Bedrock Gold Crevicing and Sniping Tools
A Low-Maintenance, Low-Cost Mining Approach
As I've mentioned in earlier posts (please see titles and links at the end of this post), bedrock gold crevicing and sniping can, in combination, be an extremely effective and rewarding recreational mining approach in both wet and dry placer areas. One of the main advantages of using this method is that it is "low maintenance" and, more importantly, requires very little in terms of financial outlay. In today's severe economic downturn, this latter factor is something we all need to carefully consider when gearing up for our gold mining activities.
In order to facilitate things for those of you interested in bedrock gold crevicing and sniping, I've put together the following recommended list of tools that, based on my own knowledge and experience, will serve you well out there in terms of portability, durability, and effectiveness:
Crevice Sucker: These are excellent crevicing and sniping tools and I suggest you carry one with you when working submerged bedrock. Crevice suckers are very light to carry and durable, and can be purchased from various mining supply houses or easily constructed from PVC pipe and a few hardware items. A strong, hand-generated suction from the crevice sucker pulls small material and gold out of cracks and crevices where, in turn, it can be pushed out into a gold pan or 5-gallon bucket.
Bulb Snifters: Bulb snifters are very similar to turkey basters, but on a smaller and more efficient scale.
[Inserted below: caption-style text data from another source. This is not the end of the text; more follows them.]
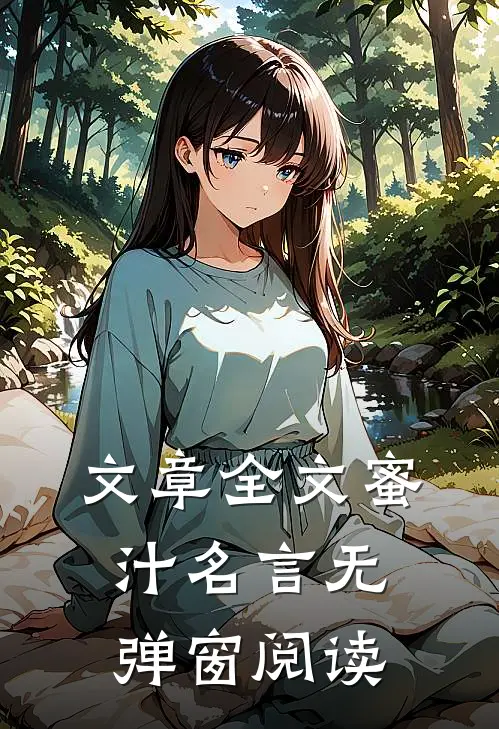 文章全文蜜汁名言无弹窗阅读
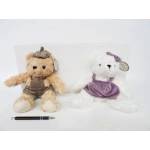 SUN-DAY Mascot Mis 2 patterns 20cm 160133 mix price for 1 piece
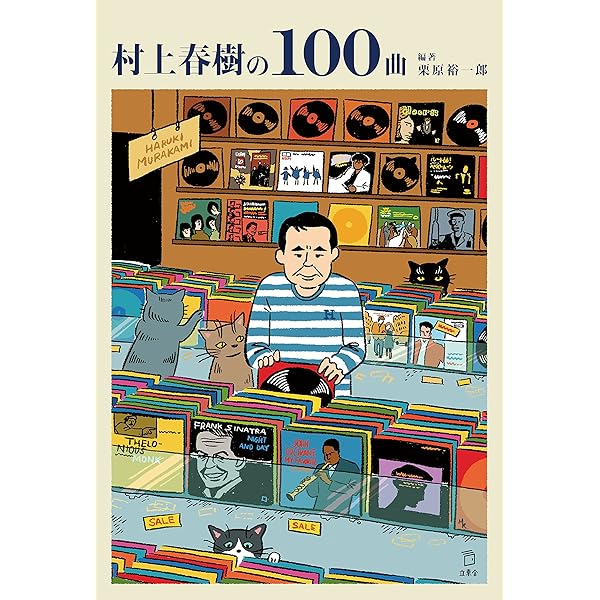 Amazon.co.jp: 村上春樹を音楽で読み解く : 栗原裕一郎, 栗原裕一郎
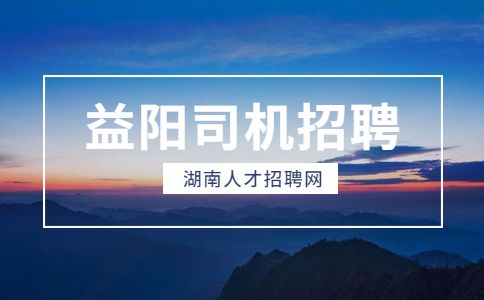 益阳司机招聘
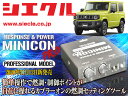 シエクル JB64W ジムニー_R06A / Turbo(H30/07 - )用ミニコンプロVer2 サブコン_燃調_制御 MCP-P17W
Commercially, they come in a variety of designs and sizes, and are used for extracting small material (including gold) from submerged cracks and crevices.
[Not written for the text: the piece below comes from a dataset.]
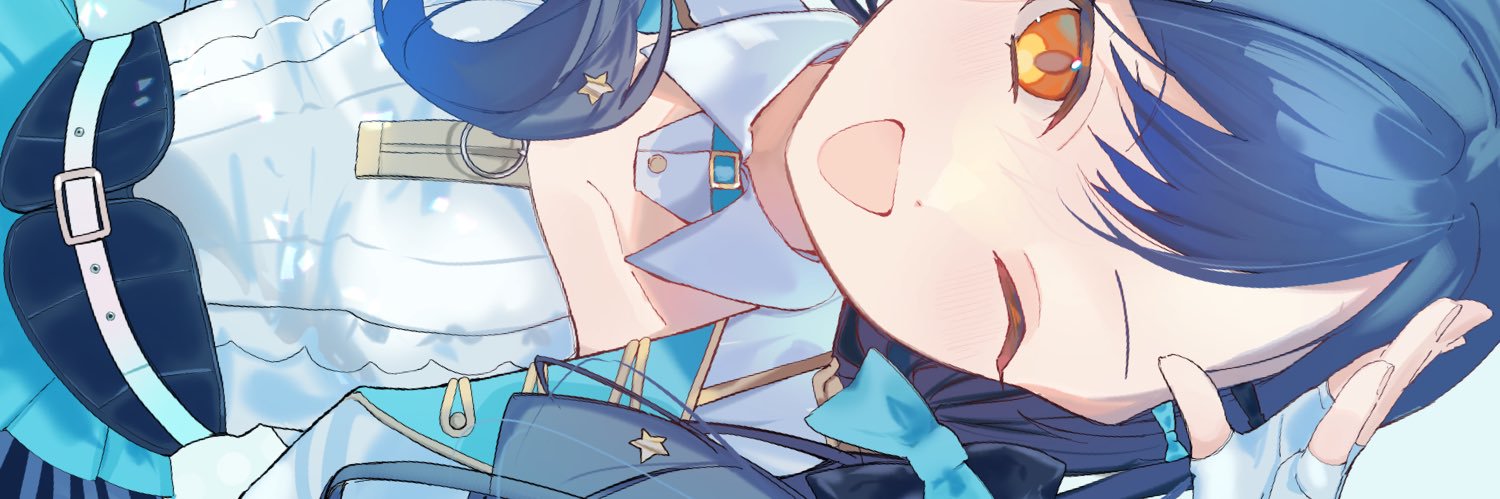 蒼下そら's banner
Crevicing Tools: Many crevicing tools are similar to the commercially sold tool pictured above, but there is no true standard design or size used out in the field. You can quite easily come up with designs of your own using spoons, knife blades, welding rods, coat hangers, or any other metal in rod or stiff wire form. These tools all have one thing in common though: they are used for reaching into small bedrock cracks and crevices and then digging out any and all gold bearing material.
Crevice Bars or Gads: These come in different sizes and are typically constructed of drop-forged, hardened alloy steel and are great for breaking apart tougher bedrock cracks and crevices. I recommend you carry a range of gad sizes like 6", 12", and 16."
Rock or Masonry Hammer: A good rock or masonry hammer is an absolute necessity in my own bedrock sniping and crevicing activities. They are helpful in more ways than you can imagine, including breaking loose tightly compacted material from larger crevices, scraping and digging using the claw end, pounding gads into cracks, you name it. These must be purchased but make sure you purchase a high-quality item and not some "cheapie."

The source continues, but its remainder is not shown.